2010年4月10日土曜日

全国学力テスト(1)朝一番 45分集中学習

(読売 3月31日)

4年生の教室。
男子全員が立ち、壁に張られた漢字表を読み上げる。
続いて、女子も負けじと大声で読む。

国語が終わると、算数の1けたの掛け算、社会の都道府県名と続く。
福岡県糸島市立引津小学校の、朝の「集中タイム」。

1時間目の45分間を、15分ずつ3教科のモジュール学習とし、
全学年が行う。
朝一番に頭を目覚めさせ、集中力を高める。
朝の集中学習を導入した07年度以降、学力は大きく向上。
きっかけは、全国学力テスト(学テ)。

学テが復活した07年度の成績は、6年生の国語、算数とも、
全国平均点を大幅に下回った。
特に、基礎を見る「A問題」の成績が低く、教員にショックを与えた。

「基礎学力は伸ばせる。

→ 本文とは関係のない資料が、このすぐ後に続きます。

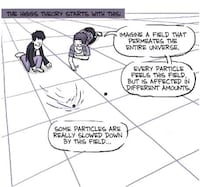 Particle Explanation Cartoons Image 8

伸びを実感すれば、学習意欲も高まるはず」
と横山英明校長(当時)は考えたが、あいさつできない子や、
授業中に立ち歩く子、乱暴な子の生活指導に追われる毎日。

手がかりが、学テで子どもに生活習慣を尋ねる「質問紙調査」に。
同小児童は、就寝・起床時間とも平均より遅く、睡眠も短いなど、
夜更かしが学習意欲を低下させている傾向。
全国の結果では、早寝・早起きの方が成績が良い。
朝の集中学習で基礎を学ぶという方法は、こうして生まれた。

学テの成績を示し、保護者に生活の見直しを呼び掛けた。
火曜1時間目の前にある15分間の時間を使い、
百ます計算などを始めた。
成績と時間を記録し、全員に「賞カード」を与えた。
児童が、朝から集中し、自ら学ぶ意欲を見せ始めた。

翌08年度、集中学習を1時間目すべてに拡大。
その結果、08、09年度の学テでは全国平均並みになり、
算数Aは全国平均を上回った。

集中タイムの終了後、達成感に満ちた笑顔を見せる子どもたち。
「みんな、今日は大きく口が開いてたね」と
担任の駒谷栄子教諭(45)。
教師も児童も、自信を取り戻し始めた。

4月20日、4回目が実施される全国学力テスト。
政権交代で、今回から全員調査が抽出調査になるなど
見直しが進む。
過去3回の結果は、どう生かされているのか。
学力向上に効果を上げる取り組みを紹介。

◆全国学力テスト

2007年、43年ぶりに復活。
小6、中3の国語と算数・数学で、A問題(基礎)とB問題(応用)。